- [Records]
────
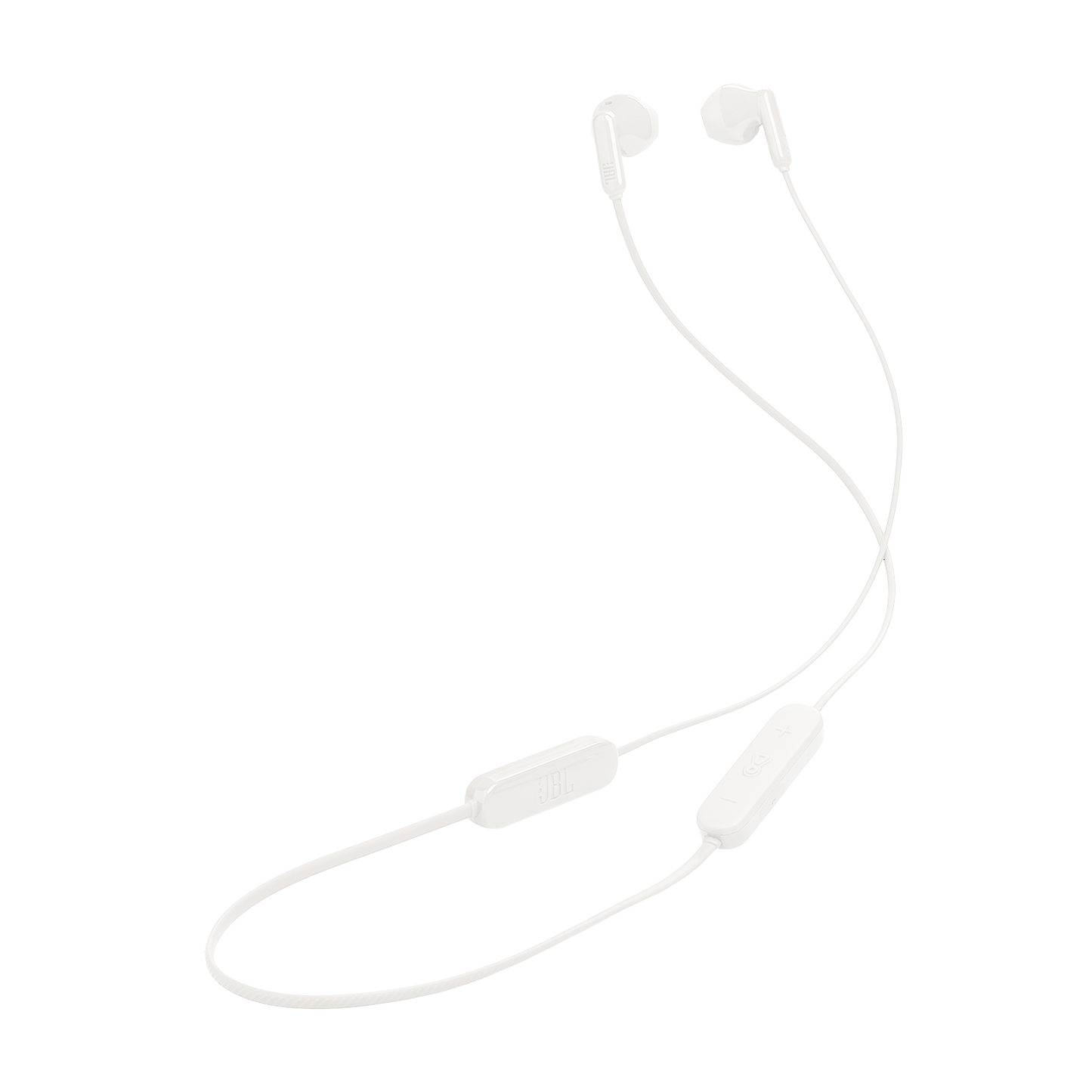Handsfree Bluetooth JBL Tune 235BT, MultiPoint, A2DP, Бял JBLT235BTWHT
────
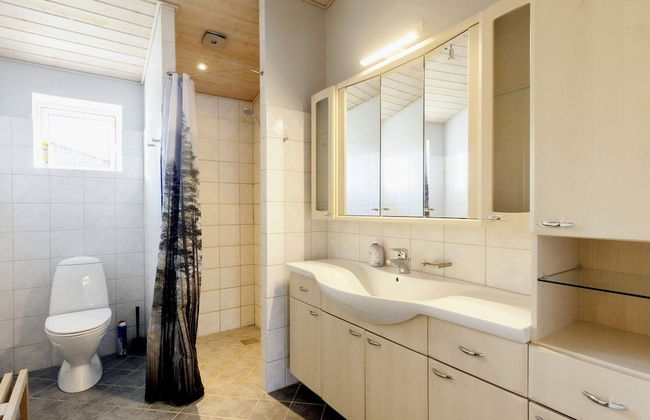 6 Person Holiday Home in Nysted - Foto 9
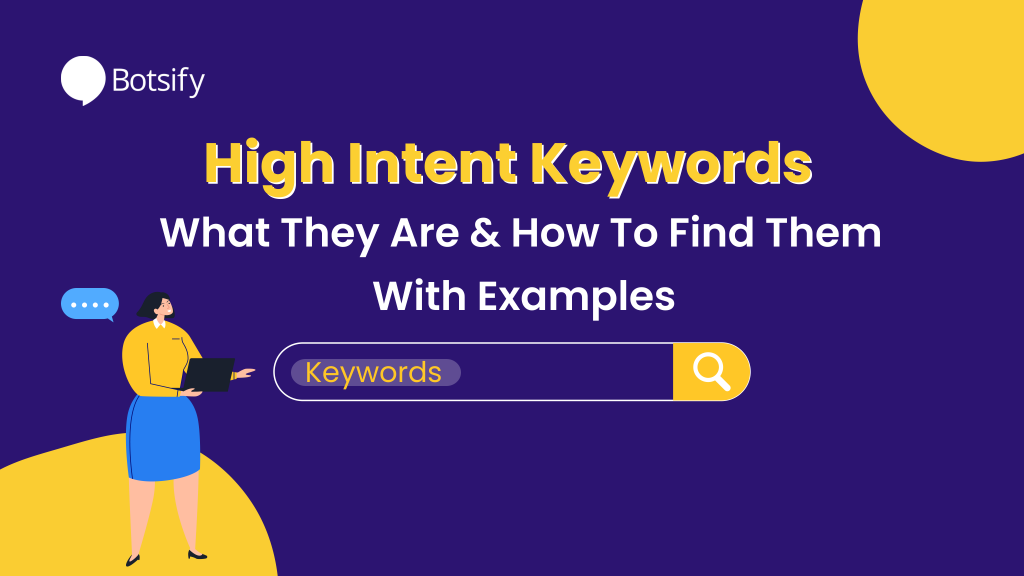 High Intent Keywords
────
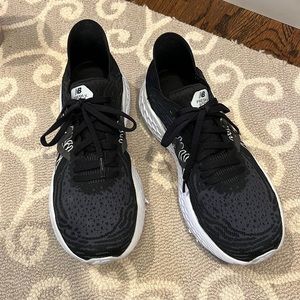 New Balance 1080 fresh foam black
────
Print exactly the lines above that run from the one with "6 Person Holiday Home in Nysted - Foto 9" down to the one with "High Intent Keywords", and omit the pictures.

- [Expected answer]
 6 Person Holiday Home in Nysted - Foto 9
 High Intent Keywords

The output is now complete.